He has to slow when he comes to the wide marble steps that lead away from the cathedral. Their surface is slick with uncleared slush, so he steps carefully, eyes fastened on his feet.

“Careful,” a familiar voice says as he passes.

Cal stops and the man, blue striped scarf flowing down his chest, looks back.

“Are you following me?”

He shrugs, smiling quickly before frowning again. “Maybe you’re following me? Around and around we go…”

Cal goes to grab the man’s arm. The wind kicks up, the stranger stops talking but his mouth is open, and Cal recalls the pressure of his kiss, the insistent, nearly-desperate thrill of it.

He drops his hand to his side. The stranger swallows and nods curtly, then resumes climbing the stairs.

Cal’s not all that hungry any longer.

*

On his last reentry, there are no messages waiting for him. The computer barely notices him, pokes and probes nothing, asks no questions and wishes him curtly a “good day”.

Maybe it’s been tuned up, or maybe, just maybe, he’s getting ready to get forgotten.

He waits around for a tenday, then another, before the next mission call comes in. By then, he’s so bored and ill at ease he jumps at any job.

*

It doesn’t matter where, or when, he is now. He just has to get out.

He cannot be late; he has to make it. As he’s running for the elevator, his vision narrows to just the illuminated rectangle, watery-blue interior beckoning him. His thin-soled shoes slip on the marble floor and he flails but keeps running. A cleaner’s mop and bucket skid across his path, soapy water sloshing all over his shins, but he grabs at the wall for balance and pushes forward. His legs wheel and kick under him but somehow he stays upright and the package remains safe in his coat’s interior pocket and he’s almost there. His fingers graze the edge of the elevator door, even glow a little in the blue light.

“Watch out!” someone shouts and shoves Cal aside, knocking him several steps back down the hall.

His head hits the wall.

Staggering upright, Cal sees the stranger silhouetted before the blue egress.
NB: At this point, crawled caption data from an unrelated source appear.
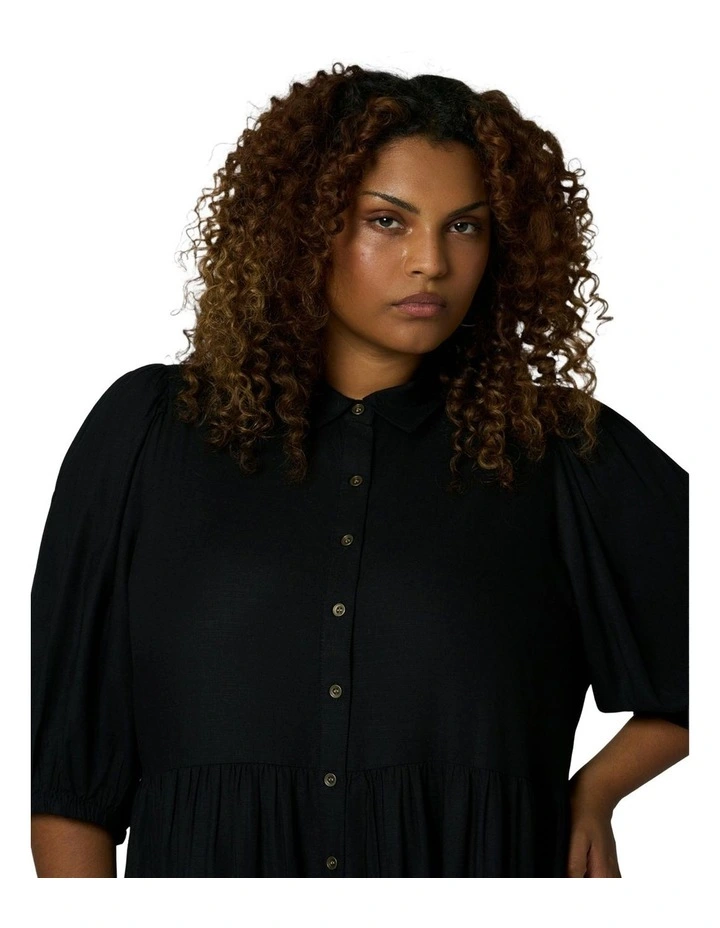 Wild Halo Midi Shirt Dress in Black image 6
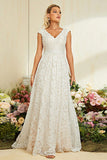 Ivory Apricot Cap Sleeves A Line Lace Long Wedding Dress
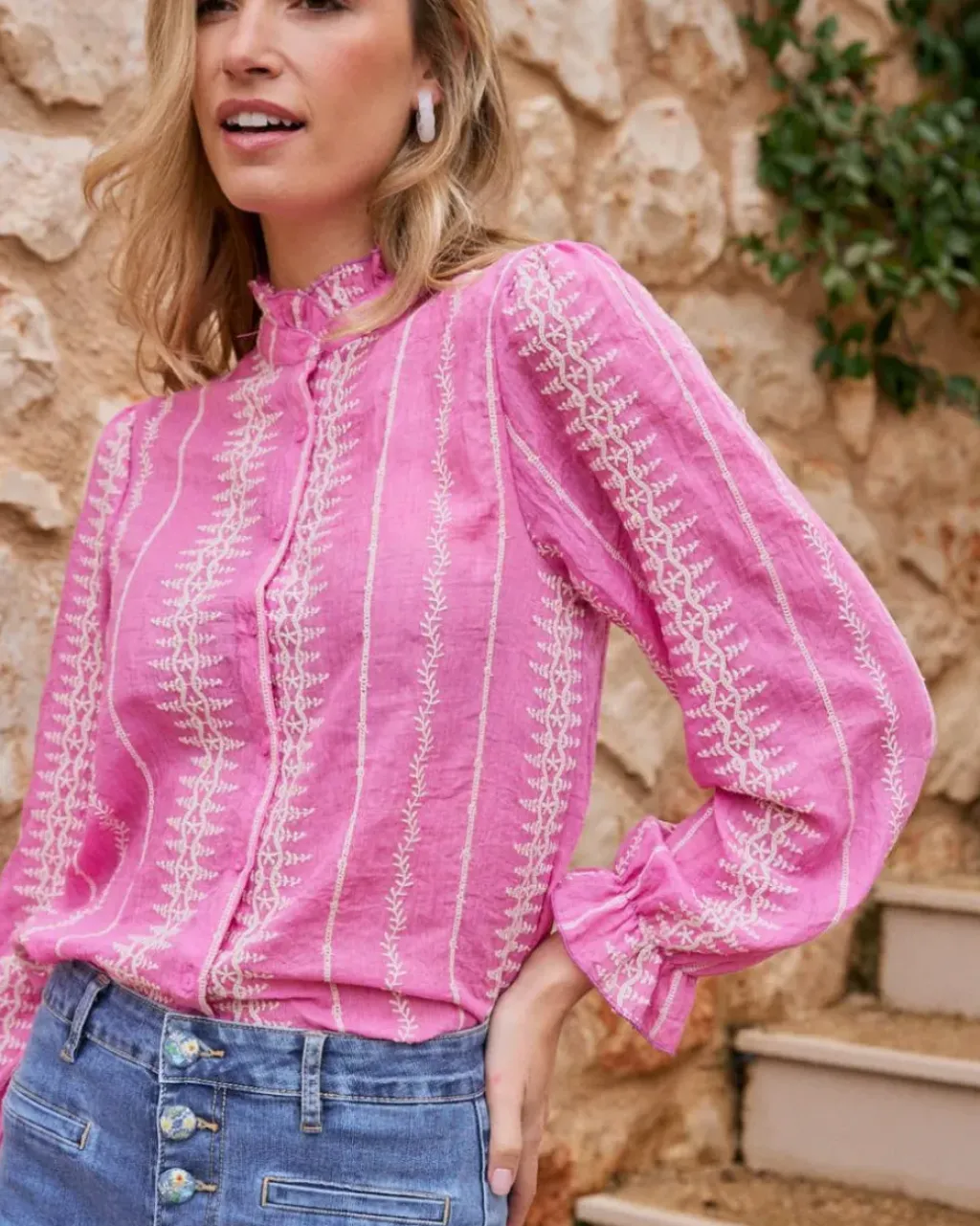 Polin et moi Blusas Y Camisas|Maternidad*Camisa Bordada Tibi Fucsia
Then he turns, looking at Cal, reaching toward him.

Cal slips again into the wall, head bouncing, teeth clacking.

The thunder exploding inside his skull is not that, however, but the fireball bursting from the elevator.

“Get back!” he shouts, but the stranger shakes his head, confused, so Cal throws himself at him.

The elevator explodes outward as they slide past. Out of the corner of his eye, Cal sees flames threaded with oily black smoke, distended like an enormous marble. As they scramble free, the fireball recedes as if sucked in by an enormous mouth. The blue light washes downward, the doors click shut, and it is silent.

They breathe heavily together, Cal splayed over the stranger. Sirens build in the distance.

“You,” Cal says as he tries to sit up. He slips in all the water, tries again, slips farther. He goes with it, lying on his back, squinting up at the darkness vaulting above them. “You don’t know what you’ve done.”

The man passes both hands over his face and draws a long breath, his shoulders lifting to his ears. “I do. Believe me, I do.”

He looks toward the main entrance, then back at Cal. “Can you walk? We should get moving.”

Cal laughs. “Why? Where’ve we go to be?”

“I don’t know about you,” the man says, “but I don’t relish having to answer loads of questions.”

The elevator through which he should have escaped dings open and reveals an ordinary, brass and mahogany interior.

“All right,” Cal says. “Lead the way.”

As they leave by a back door, two fire trucks scream past them up the boulevard.

*

“Who are you?” Cal asks, quietly, as they make their way through the city center.

“A friend, I hope.”

Cal coughs into his hand. “Not metaphorically. Who are you? What’s your name?”

“I don’t know. What’s yours? What did your mother call you, Cal?”

All the refugee children in his intake cohort received names beginning with C. Cal doesn’t know any other name.

When Cal doesn’t answer, the stranger nods slowly. “Exactly.”

“What am I supposed to call you?”

“What have you been calling me? In your mind, I mean.”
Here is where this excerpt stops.